As a high-value product, fishery and aquaculture activities are increasing to keep up with demand, and geoduck-related industries are generating substantial export revenues in a number of countries worldwide. Scientific studies are necessary for sustainable fisheries and viable aquaculture, and to conserve the ecological value of these fascinating clams. In recent years, the number of publications on geoduck biology, ecology, and fisheries has increased dramatically. This special issue adds considerably to the body of literature on geoducks. Several of the new papers address basic biological topics such as reproduction, phylogenetics, disease, longevity, and larval life history characteristics, whereas others address population dynamics and growth models, population genetics, and the ecological impacts of geoduck aquaculture.

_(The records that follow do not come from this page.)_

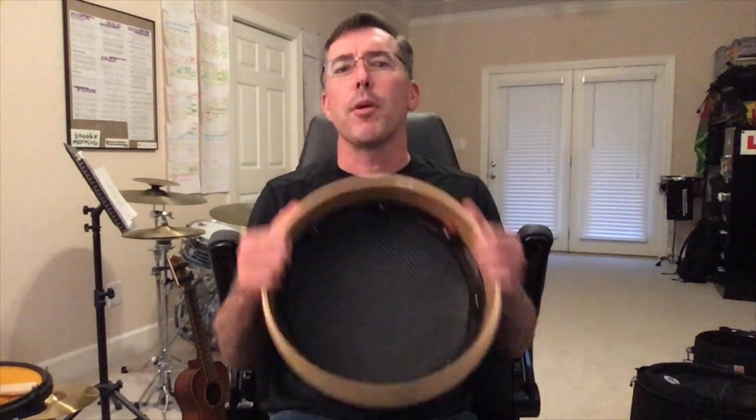Anyways, that's just some ideas, tips and tricks for traveling with your bodhran and using it to practice in a low volume environment. I would love to hear some of your ideas in the comments below. And if you guys could help out, in the description below I'm going to leave a link to the Food Bank of North Alabama — if you can consider making a donation to that, I'd appreciate it.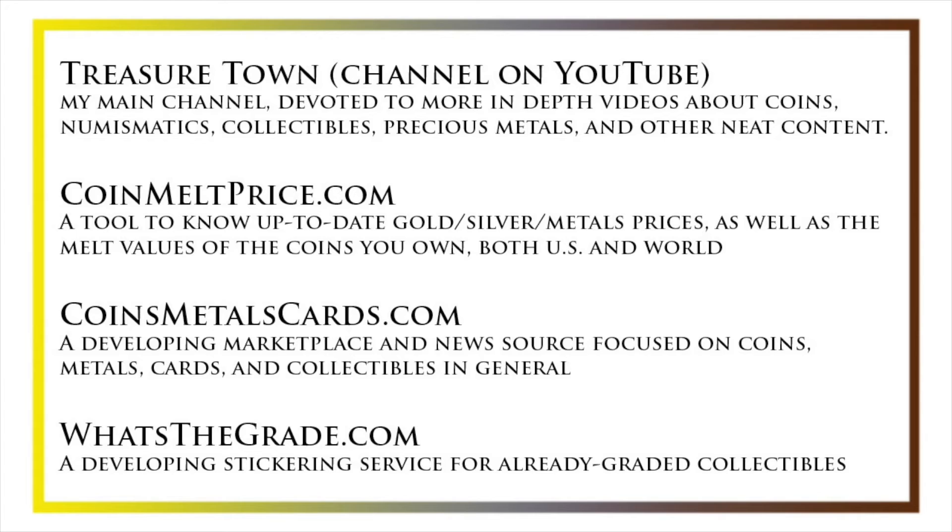Check out my other YouTube channel, Treasure Town, which does more in-depth videos about coins and collectibles, as well as resources like coinmeltprice.com, which shows up-to-date precious metals pricing and melt values of coins you own; coinsmetalscards.com, which will be both a marketplace and news source for coins, metals, and cards; and whatsthegrade.com, which will develop into a stickering service for already-graded collectibles. Have a great day, and I hope to see you on some of our other videos.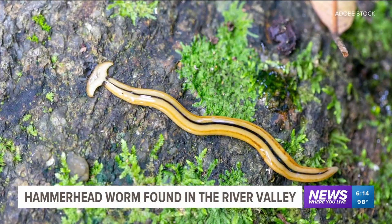Reporting from Fort Smith, covering news where you live, Ian Taylor, 5 News. Well, for more information on hammerhead worms and how to get rid of them at home, you can go to 5newsonline.com. We have more on this story on our website.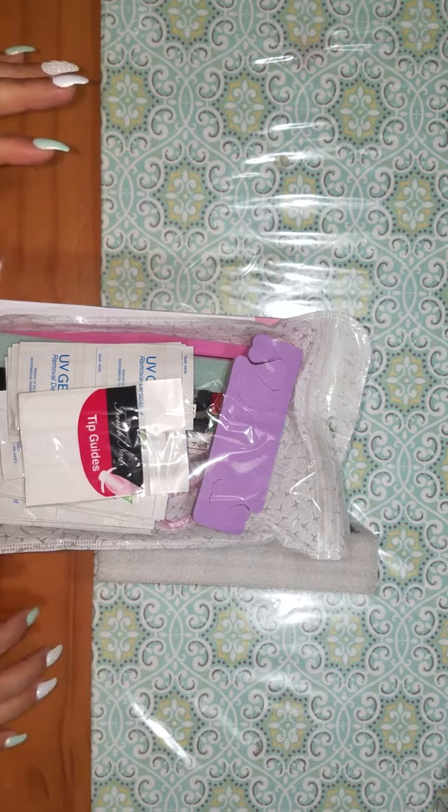Hello, so today I wanted to do a video so that everyone can see all of the items that are included with the starter kit. Right now it might not seem like a lot, but it's actually a lot. So I'm going to go ahead and take everything out so that you guys can see everything that's included.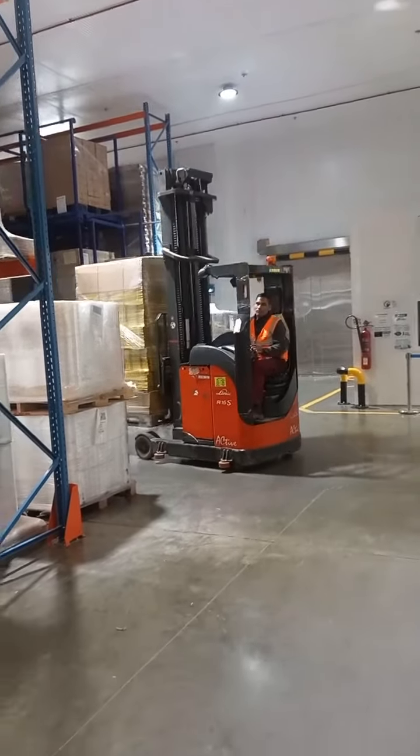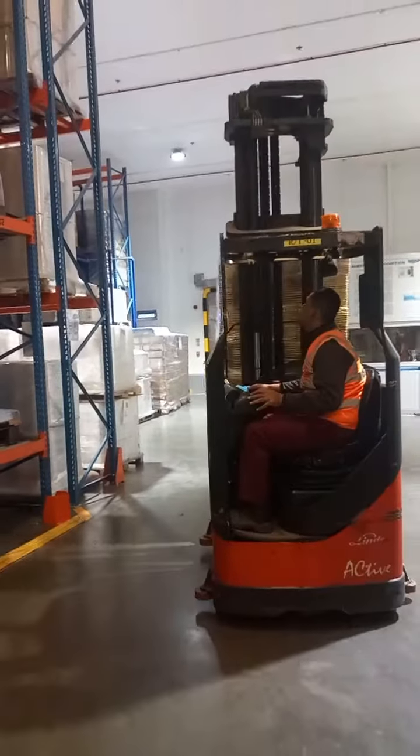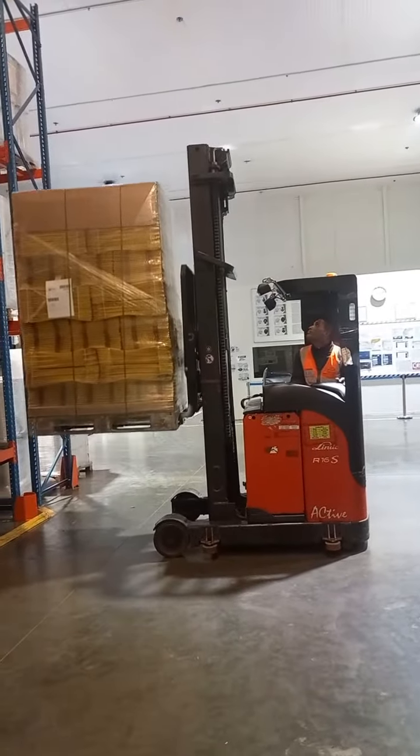Hello guys, good morning. I am Pujan Mohara — like and subscribe to my YouTube channel. Today we'll cover how to drive a reach truck and how to arrange material in the rack. Let's go see.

Taken together, the articles in this issue represent the most current information on Pampea spp. available to the scientific community and resource managers, and illustrate the breadth of approaches that, in the best cases, will result in synergies that propel the science forward. We believe the geoduck research community will benefit from the work presented here, not just as a valuable source of information, but also as a conduit for future collaborations to shed more light on the enigmatic and fascinating geoduck.
Funding for publication of this special issue was provided by the NOAA Aquaculture Program and Washington Sea Grant; their support is gratefully acknowledged. We are indebted to Dr. Fred Utter for providing editorial assistance, valuable perspective, and strategic planning. We thank our coeditor Dr. Sandra Shumway for her enthusiastic guidance and encouragement, for her editorship of papers authored by us, and for her expert editorial oversight of the entire process.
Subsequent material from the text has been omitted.